I put together an implementation of the particle shadowing technique NVIDIA showed off a while ago. My original intention was to do a survey of particle lighting techniques, in the end I just tried out two different methods that I thought sounded promising.
The first was the one ATI used in the Ruby White Out demo, the best take away from it is that they write out the min distance, max distance and density in one pass. You can do this by setting your RGB blend mode to GL_MIN, your alpha blend mode to GL_ADD and writing out r=z, g=1-z, b=0, a=density for each particle (you can reconstruct the max depth from min(1-z), think of it as the minimum distance from an end point). Here's a screen:
The technique needs a bit of fudging to look OK. Blur the depths, add some smoothing functions, it only works for mostly convex objects, good for amorphous blobs (clouds maybe). Performance wise it is probably the best candidate for current-gen consoles.

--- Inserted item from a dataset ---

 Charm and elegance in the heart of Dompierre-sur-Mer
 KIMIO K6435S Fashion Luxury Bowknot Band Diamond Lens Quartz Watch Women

IMO the NVIDIA technique is much nicer visually, it gives you fairly accurate self shadowing which looks great but is considerably more expensive. I won't go into the implementation details too much as the paper does a pretty good job at describing it.
The Nvidia demo uses 32k particles and 32 slices but you can get pretty decent results with much less. Here's a pic of my implementation, this is running on my trusty 7600 with 1000 particles and 10 slices through the volume:
Unfortunately you need quite a lot of quite transparent particles otherwise there are noticeable artifacts as particles change order and end up in different slices. You can improve this by using a non-linear distribution of slices so that you use more slices up front (which works nicely because the extinction for light in participating media is exponential).
Looking forward to tackling some surface shaders next.